The universities you are mentioning here are top-tier for CS. But please do bear in mind that if you were not at one of those institutions (for whatever reason), asking for that code might well have gotten you the hairy eyeball from folks you didn't want giving you a furry look.
....Small anecdote: I got access to NetBSD fairly quickly (but it still had this feeling of not *really* being Unix, for some odd reason). I suppose I must have installed 0.8. I switched to FreeBSD once I realized one could install via FTP instead of a myriad of floppies. I ran Linux on one machine but some folks I regarded gave me guff about it and I switched to the publicly available BSD stuff shortly thereafter.
As someone once said, BSD is what you get when Unix folks port to the PC; Linux is what you get when PC folks build a Unix.
...A self-deprecating anecdote.
... Yup, source was there. Access was restricted, you had to get a login on slovax, and you had to be
"somebody" to get that login. I don't remember how I got access, I just knew I wanted it. So I probably just begged and eventually one of the admins took pity on me? Dunno.
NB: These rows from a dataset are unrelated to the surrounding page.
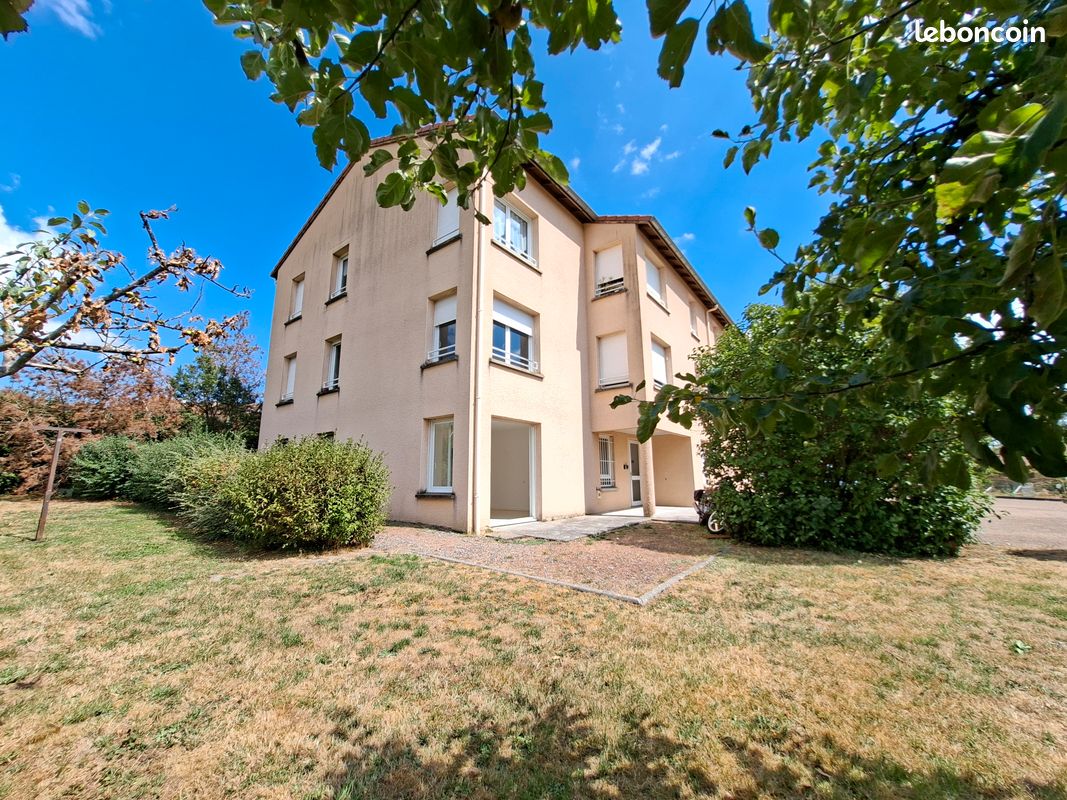 Appartement 2 pièces 51 m² · à Cremeaux · 51 m² · 521 €/mois
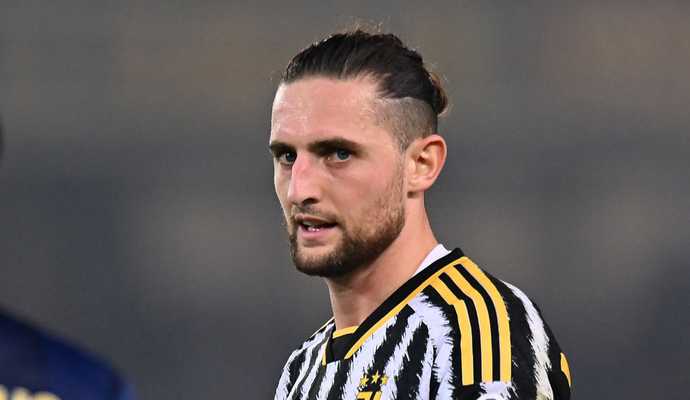 Milan Pareggiata L Offerta Della Juve Per Rabiot Ieri Ha Incontrato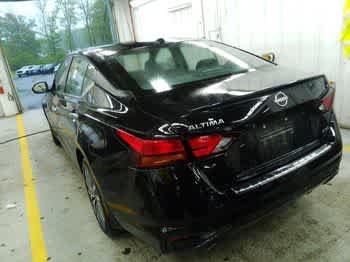 Used 2023  Nissan 2.5 SV image 4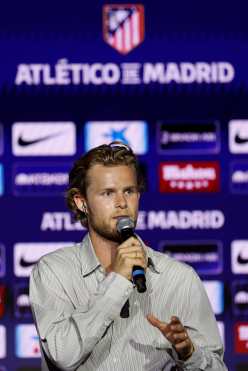 MADRID, 13/07/2026.- El danés Morten Hjulmand duante su presentación como nuevo jugador Atlético de Madrid, este lunes en el estadio Metropolitano de Madrid. EFE/ Chema Moya
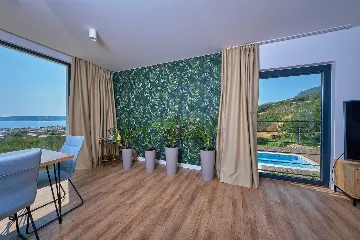 4-Bedroom Villa with Sea Views in Kaštel Lukšić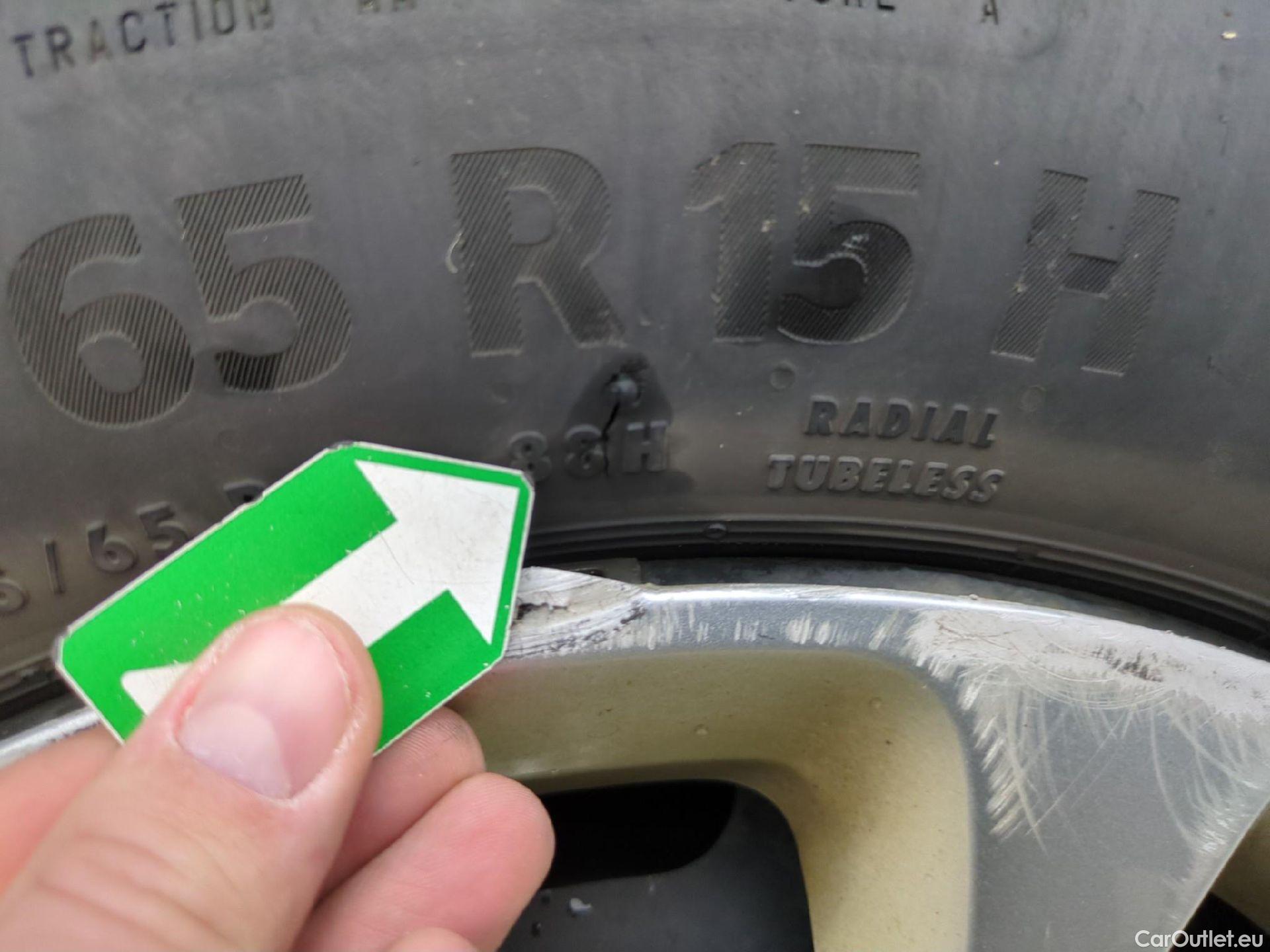  Citroen  C3  Société Feel 1.2 PureTech 80CV BVM5 E6d #17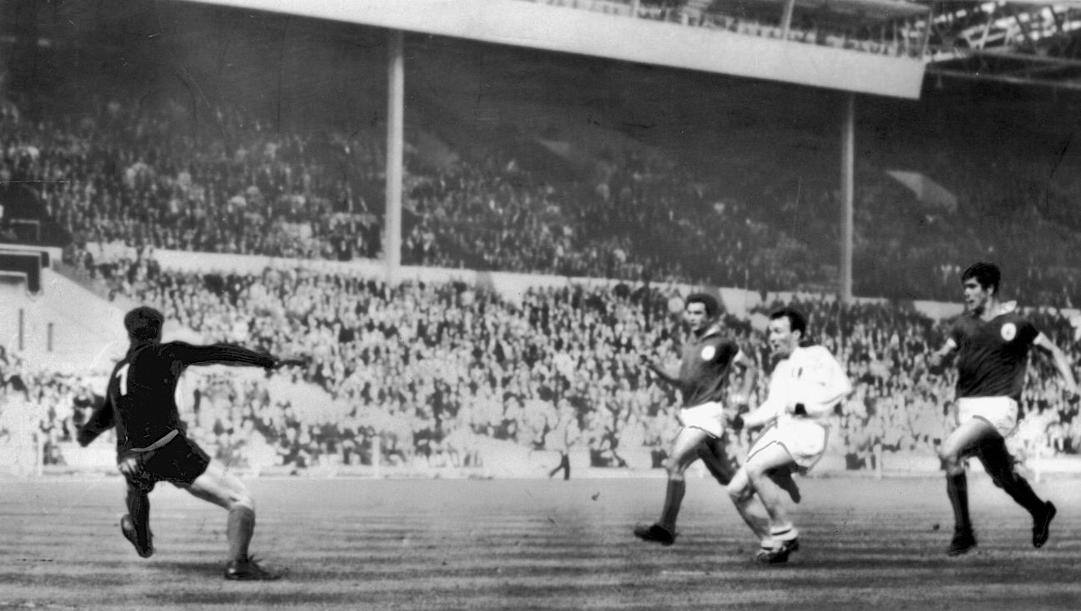Il gol della vittoria di Josè Altafini il 22 maggio 1963 nella finale tra Milan e Benfica. Ap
I can easily imagine that the CMU CS department let all
their students have access to the source if they wanted it.
I don't think that was anywhere near as common as Clem thinks it was.
My guess is that Clem interacted with a bunch of people who were his peers (aka
pretty elite people) and all those guys had source access.
Us unwashed masses had to work a lot harder to get it.
Once 386BSD came out, yeah, source was easy. Not before.